According to Verizon, its updated
FiOS Internet tiers
will consist of 50/25 Mbps and 150/65 download/upload speeds. However, other entry-level options will remain the same, such as the 15/5 Mbps, 25/25 Mbps, 35/35 Mbps, 50/20 Mbps and 150/35 Mbps tiers.
The two new tiers will feature 75/35 Mbps or 300/65 Mbps speeds. Verizon said the 300/65 tier is double that of the current FiOS Internet top speed, which is 150/35 Mbps.
"The ways we used the Internet and watched TV over the past 10 to 15 years have dramatically shifted," said Bob Mudge, president of Verizon's consumer and mass market business unit. "With the emergence of smartphones, smart TVs, Blu-ray players, tablets and gaming consoles that also serve as over-the-top devices, consumers need more bandwidth to receive the highest quality experience."

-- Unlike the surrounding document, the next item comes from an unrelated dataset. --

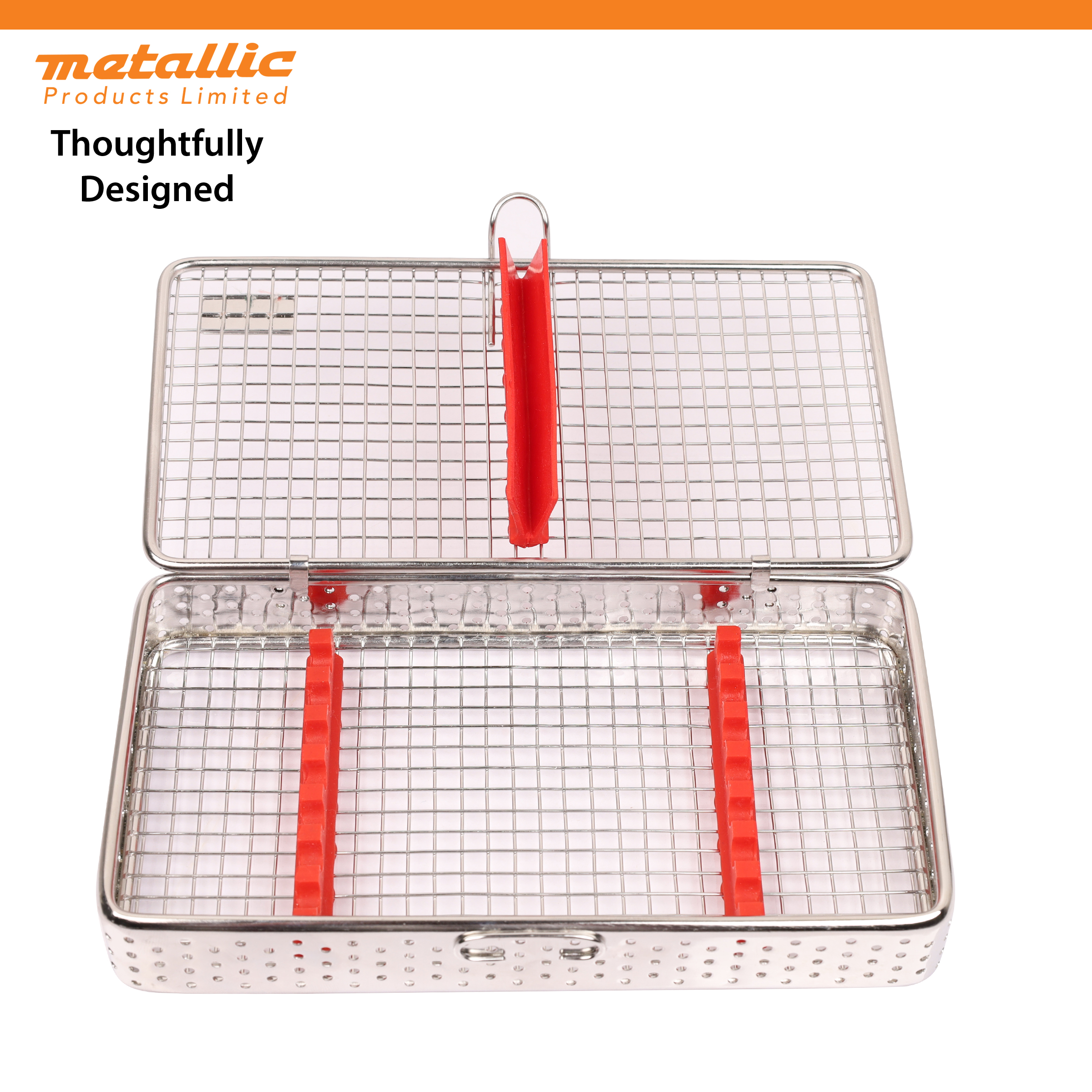 Mesh Cassette for Dental Instruments with Silicone Pad (7 Tools)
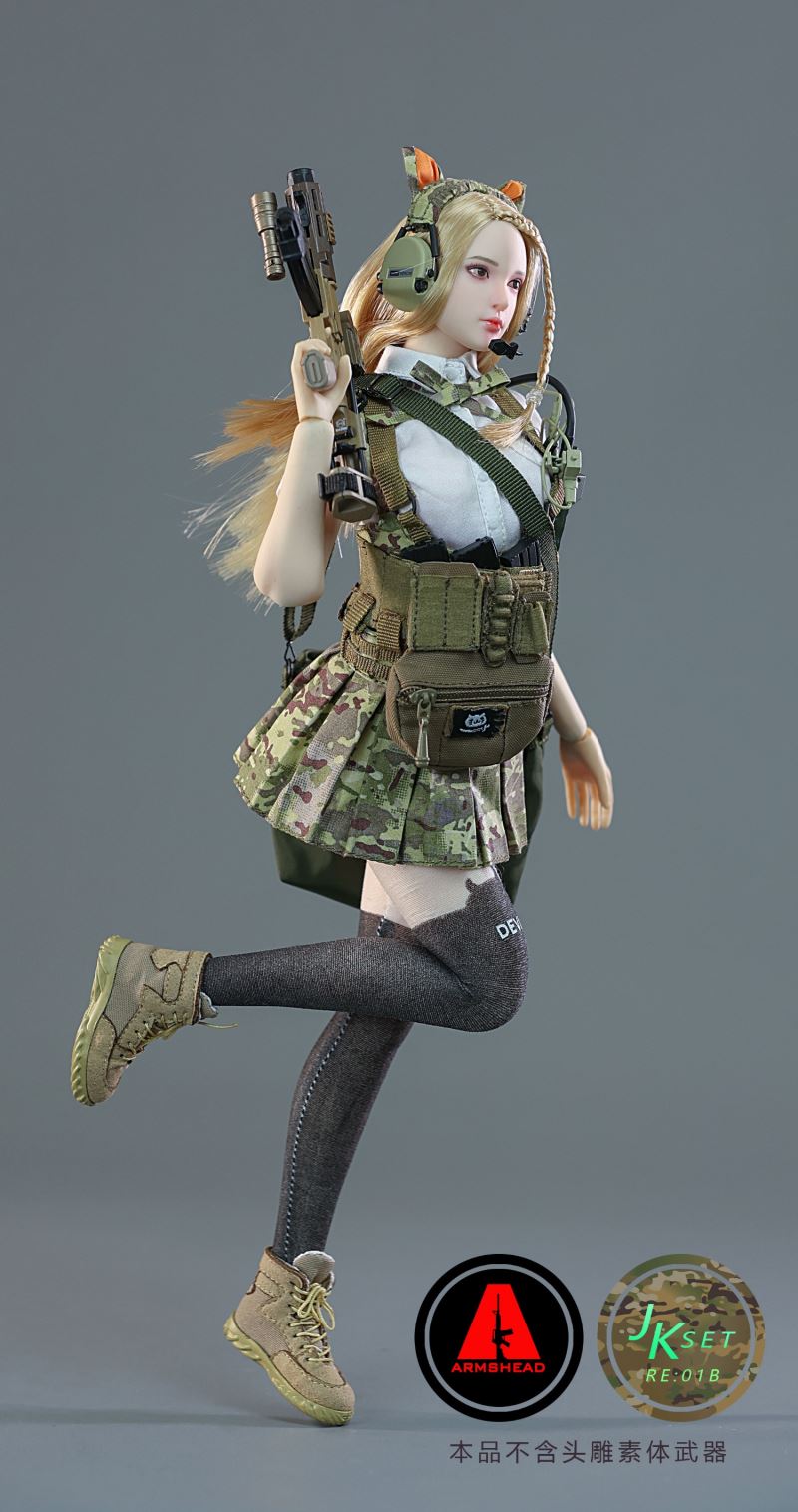 JK GIRL SET- Armed Girls School Set 1/6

Each tier is targeted at a specific audience. The layout is as follows: 15/5 Mbps for a one or two person household for just email and Web browsing; 50/25 Mbps for a multi-person household that downloads music,
and telecommutes; 75/35 Mbps for households that have three or more people on Internet-connected devices, stream HD movies, and play multi-player gaming, and 150/65 and 300/65 for households with five or more heavy Internet users.
"Our top FiOS speed will be twice as fast as anything America has ever seen," said Mike Ritter, chief marketing officer for Verizon's consumer and mass market business unit. "High-speed Internet no longer is just for techies, as more than half of our residential consumers already use at least a 20 Mbps Internet connection.
Streaming online video
on an all-fiber-optic connection providing faster speeds is better and more reliable during peak Internet usage hours.
"As recently as 2005, video was less than 10 percent of Web traffic. By the end of this year, we expect it to be 50 percent, growing to 90 percent in just a few years."
The 150/65 and 300/65 tiers will require a gigabit passive optical network (GPON) installation.
Pricing for all of the tiers will be announced next month, where Verizon users can choose a standalone Internet service or add these tiers to their bundles.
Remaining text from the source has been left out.